This time when the words threatened to burst out of her, Rune squeezed her hands into fists as she held them back, trying to think of something—anything—else to say instead. Something less damning, but still true.
“There’s no time to have a dress made! My seamstress is booked until next month, but the dinner is next week.”
Rune threw him a pitiful look that wasn’t entirely false. She’d gone hot all over and her heart beat painfully fast.
“Hmm. That is unfortunate.”
But the spell wasn’t finished with her. It snaked up her throat, threatening to choke her.
Tell him, it prodded. Tell him the rest.
“And …” The words itched. She tried to swallow them but couldn’t. “They’ll want me to talk about Nan.”

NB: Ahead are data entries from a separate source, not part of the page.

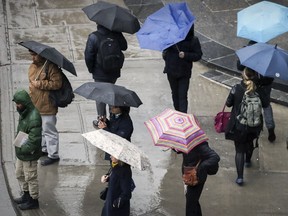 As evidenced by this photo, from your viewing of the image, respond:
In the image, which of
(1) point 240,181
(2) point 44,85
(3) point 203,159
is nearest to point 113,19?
(2) point 44,85

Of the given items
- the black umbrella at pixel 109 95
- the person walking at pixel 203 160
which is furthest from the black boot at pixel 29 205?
the person walking at pixel 203 160

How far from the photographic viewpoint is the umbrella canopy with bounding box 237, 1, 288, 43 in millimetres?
10219

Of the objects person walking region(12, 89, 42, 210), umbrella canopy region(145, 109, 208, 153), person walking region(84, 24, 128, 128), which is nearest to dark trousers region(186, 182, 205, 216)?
umbrella canopy region(145, 109, 208, 153)

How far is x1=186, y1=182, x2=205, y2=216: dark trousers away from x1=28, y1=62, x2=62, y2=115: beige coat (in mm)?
2360

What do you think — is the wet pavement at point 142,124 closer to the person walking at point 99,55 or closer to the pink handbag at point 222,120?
the pink handbag at point 222,120

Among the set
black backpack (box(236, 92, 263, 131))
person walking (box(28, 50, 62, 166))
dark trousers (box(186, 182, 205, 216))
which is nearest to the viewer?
dark trousers (box(186, 182, 205, 216))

She had his full attention now.
He was staring at her, his gaze piercing. “And you don’t want to.”
She shook her head no, eyes burning with the tears that were building. She was terrified of blurting out the rest. Rune reached for her throat, prepared to squeeze if something worse tried to escape.
As a hot tear slipped down her cheek, Gideon visibly softened. “I’m sorry. It must have been hard to be raised by a witch.”
It wasn’t a question, so Rune didn’t have to answer. Her chest still rose and fell with her rapid breaths.
He glanced over her shoulder. She followed his gaze. Between the translucent cerulean canopies of her bed, which were drawn back and tied to each of the four posts, an enormous portrait hung on the wall.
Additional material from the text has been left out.